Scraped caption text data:

Content starts

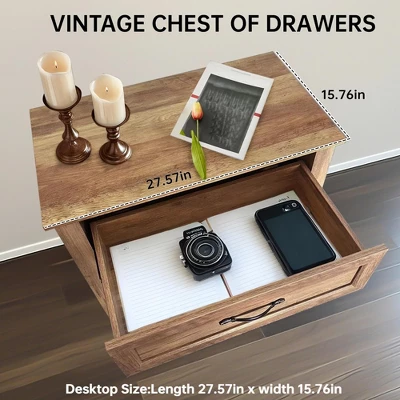 Garvee Chest Of Dresser, Vintage Wood 5 Drawer Tall Dresser Storage Organizer For Closet, Bedroom, Nursery, Living Room, Hallway, White 5 Garvee Chest Of Dresser, Vintage Wood 5 Drawer Tall Dresser Storage Organizer For Closet, Bedroom, Nursery, Living Room, Hallway, White - Image 3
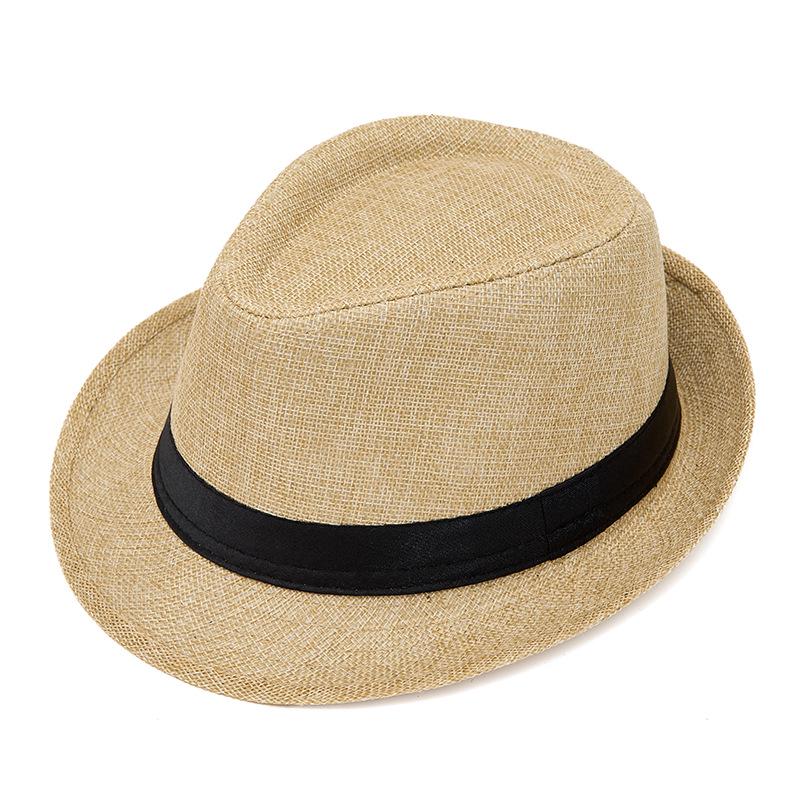 Мужская летняя соломенная шляпа федора от солнца - Уличная солнцезащитная пляжная шляпа-котелок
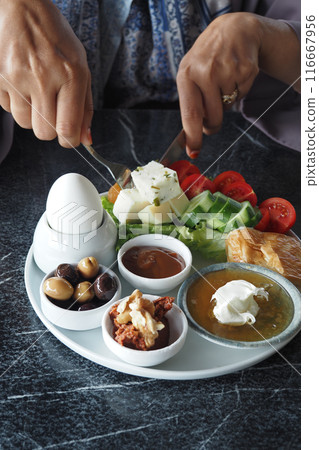 Turkish Breakfast Served on Table  116667956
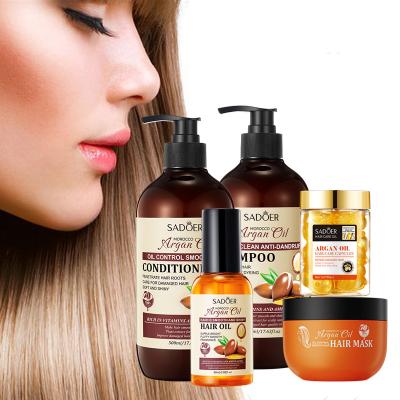 China Best Color-protecting Argan Oil Fluffy Hair Shampoo and Hot Selling Organic Smooth Nourishing Repair Serum Hair Conditioner Hair Oil for sale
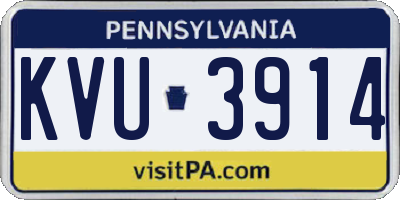 PA license plate KVU3914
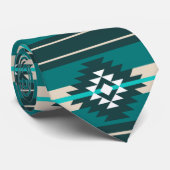 Aztekendesign in türkisfarbener Farbe Krawatte (Gerollt)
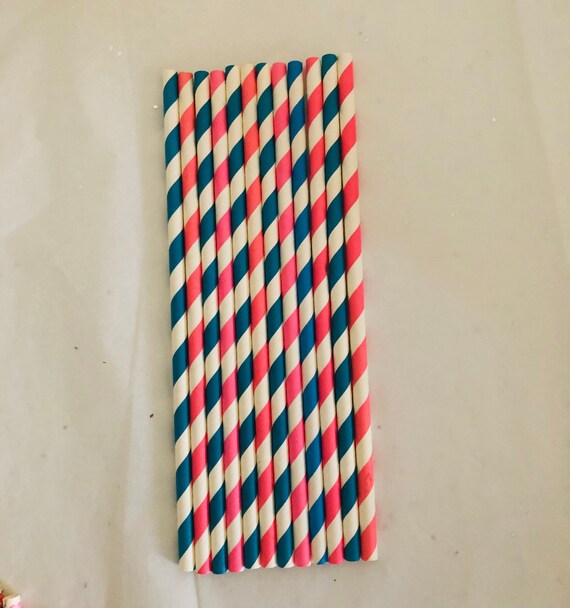 Navy Blue and Hot Pink Stripe Paper Straws, Biodegradable Straws, Gifts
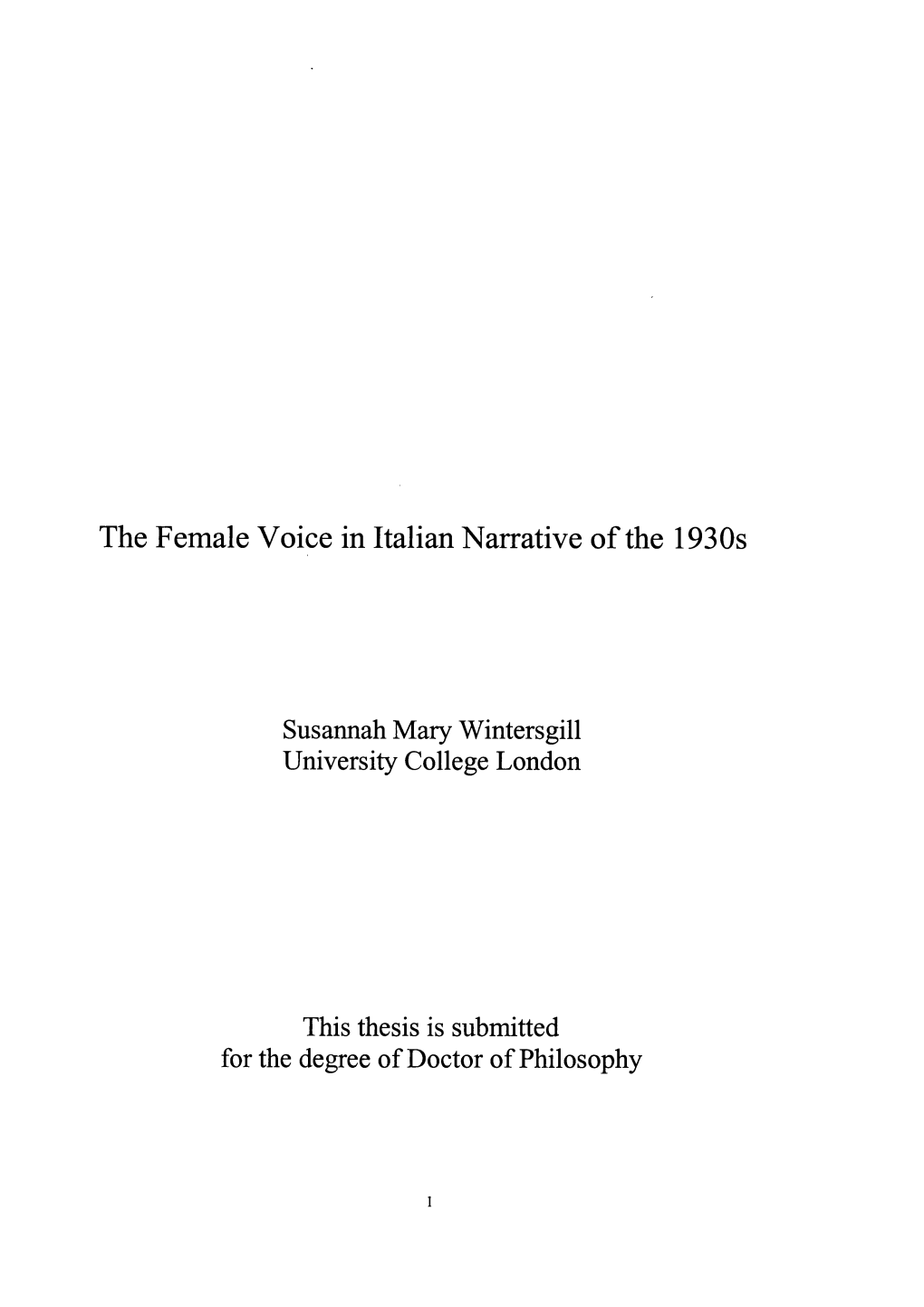 The Female Voice in Italian Narrative of the 1930S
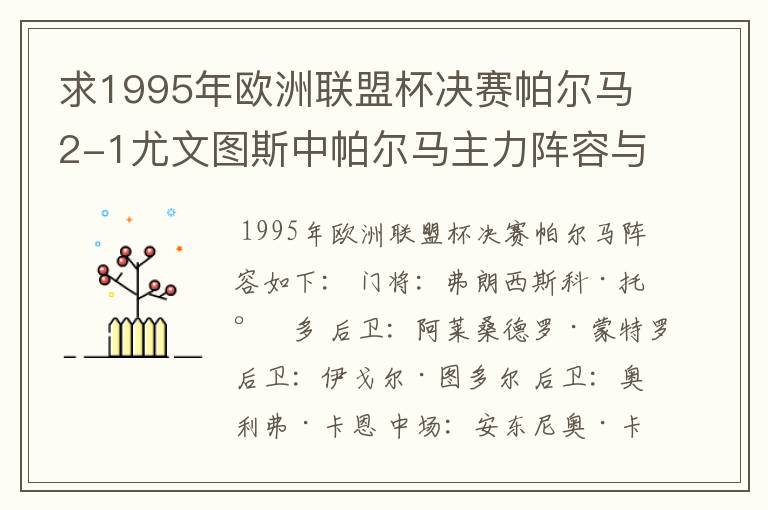 求1995年欧洲联盟杯决赛帕尔马2-1尤文图斯中帕尔马主力阵容与球星?,还有尤文图斯主力与球星?帕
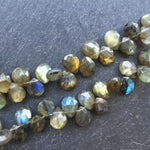 precious sparkle Labradorite Faceted Pear Briolette Beads (Set of 5)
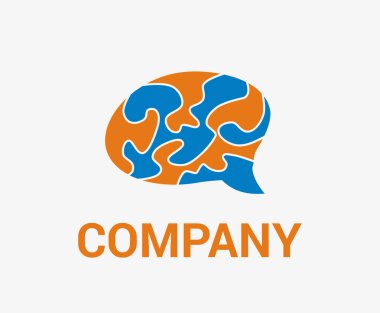 beyin logo tasarım fikir kavramı akıllı düşünme eğitim bilim eğitim toplum için mavi turuncu renk ile 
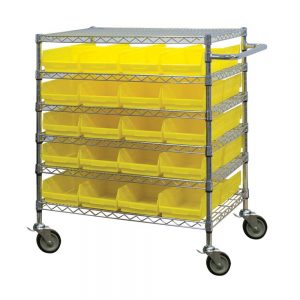chrome-wire-shelving-with-small-parts-bins-mobile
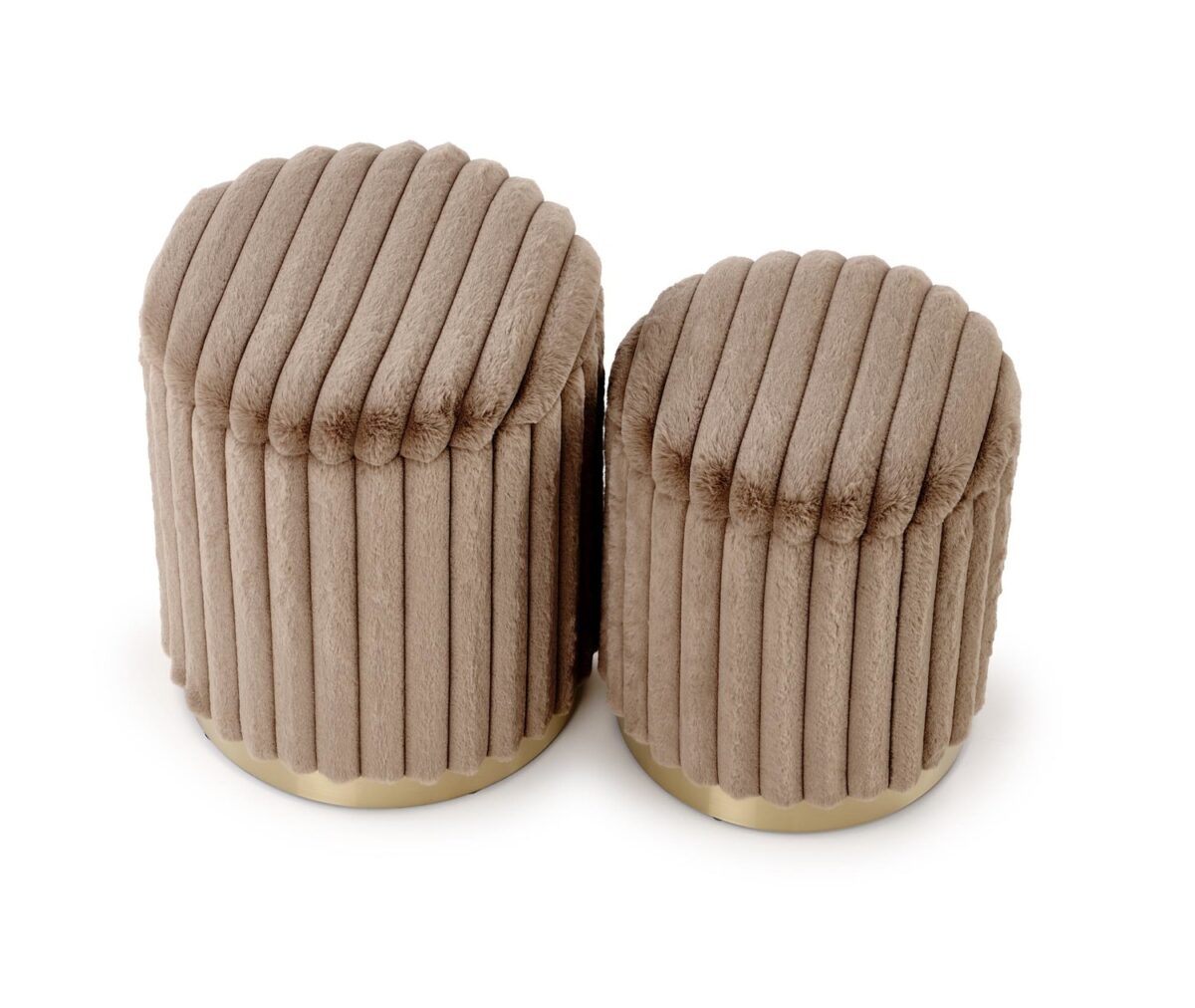 Set 2 Pouf FIDO con contenitore – cappuccino / oro – ø36x44 cm e ø31x38 cm - immagine 4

Content ends

## Work instruction
Reproduce exactly, with no pictures, the lines above from the one holding "China Best Color-protecting" to the one holding "The Female Voice", inclusive.

## Response to this exercise
 China Best Color-protecting Argan Oil Fluffy Hair Shampoo and Hot Selling Organic Smooth Nourishing Repair Serum Hair Conditioner Hair Oil for sale
 PA license plate KVU3914
 Aztekendesign in türkisfarbener Farbe Krawatte (Gerollt)
 Navy Blue and Hot Pink Stripe Paper Straws, Biodegradable Straws, Gifts
 The Female Voice in Italian Narrative of the 1930S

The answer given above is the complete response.